Seated across from me in my office she said, “As I drove up here I asked myself why you might be interested in any unusual dreams I have had. I keep a notebook for my shrink in which every morning I’m supposed to write down my dreams before I forget them. I’ve been doing that as long as I’ve been seeing Ed, which is almost two years.”
“Tell me,” I said.
“Do you want to know? Do you really want to? All right; I’ve had the feeling for three weeks now—it began on a Thursday—that someone is talking to me in my sleep.”
“Man? Or woman?”
Sadassa said, “In between. It’s a very calm voice, modulated. I only retain an impression of it when I wake up . . . but it’s a favorable impression. The voice is very lulling. I always feel better after I’ve heard it.”

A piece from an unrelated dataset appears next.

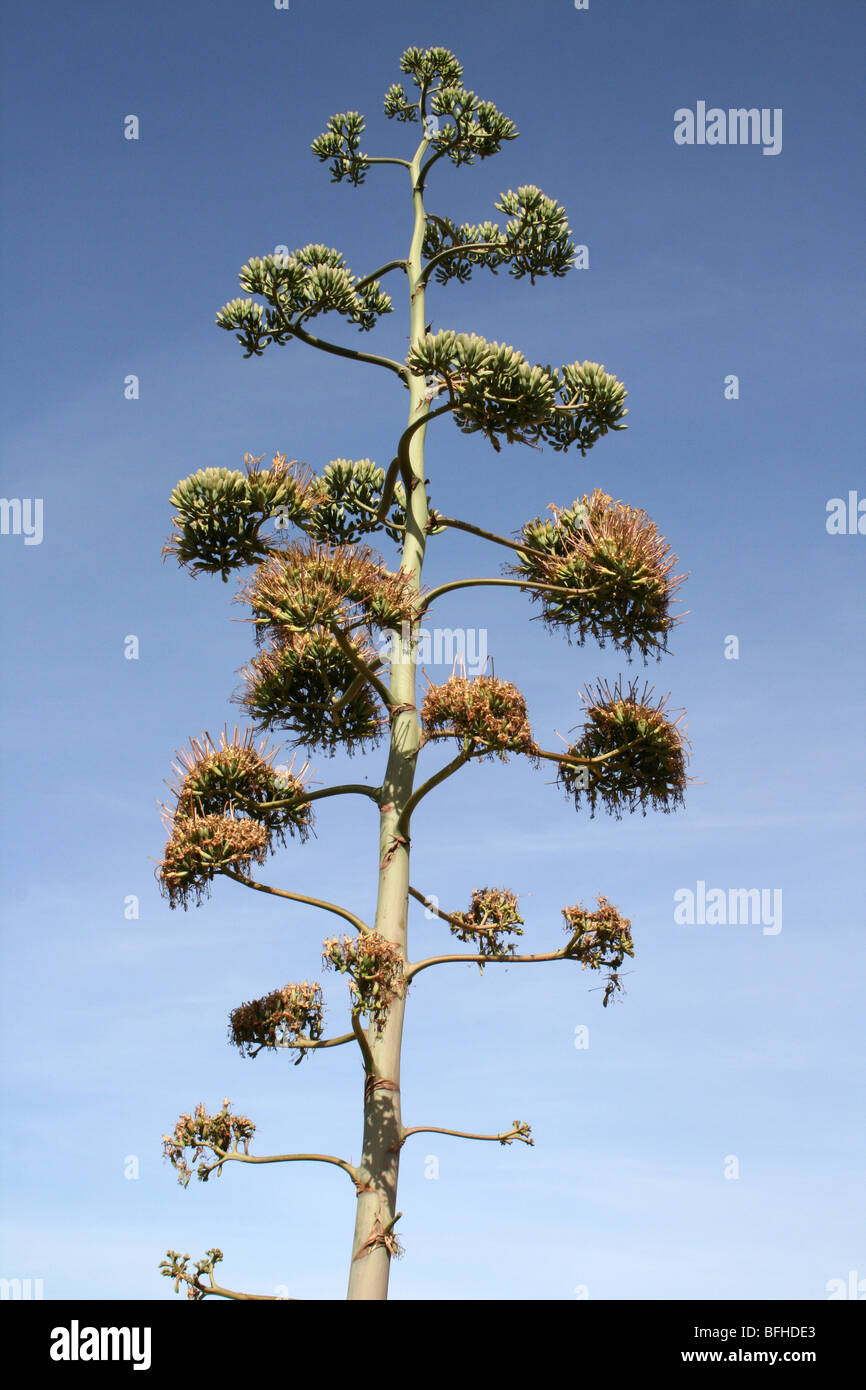 Sisal agave sisalana infiorescenza prese vicino Mbuli, Tanzania Foto Stock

“You can’t remember anything it says.”
“Something about my cancer. That it won’t come back.”
“What time of night—”
“Exactly three thirty,” Sadassa said. “I know because my boyfriend says I try to talk back to it; I mean, converse with it. I wake him up by trying to talk, and he says it’s always the same time of night.”
I had forgotten about her boyfriend. Oh, well, I said to myself; I have a wife and family.
“It’s as if I’d left the radio on very low,” Sadassa continued. “To a faraway station. Like you get on shortwave late at night.”
“Amazing,” I said.
Sadassa said calmly, “I came to Progressive Records in the first place because of a dream, very much like the one I had last night. I was in a lovely green valley with very high grass, out in the country, fresh and nice, and there was a mountain. I floated along, not on the ground but weightlessly floating, and as I came toward the mountain it turned into a building. On the building they had put words, on a plaque over the entrance. Well, one word: PROGRESSIVE. But in the dream I could tell it was Progressive Records because I could hear the most incredibly dulcet music. Not like any music I have ever heard in actuality.”
“You did the right thing,” I said, “to act on that dream.”
“Did I come to the right place?” She studied my face intently.
“Yes,” I said. “You interpreted the dream right.”
“You seem sure.”
“What do I know?” I said jokingly. “I’m just glad you’re here. I was afraid you wouldn’t show up.”
“I go to school—I will be going—during the day. Can we audition performers at night? I would expect so. We have to fit the job in around my school schedule.”
“You don’t want much,” I said, a little nettled.
“I’ve got to go to school again; I lost so much time while I was sick.”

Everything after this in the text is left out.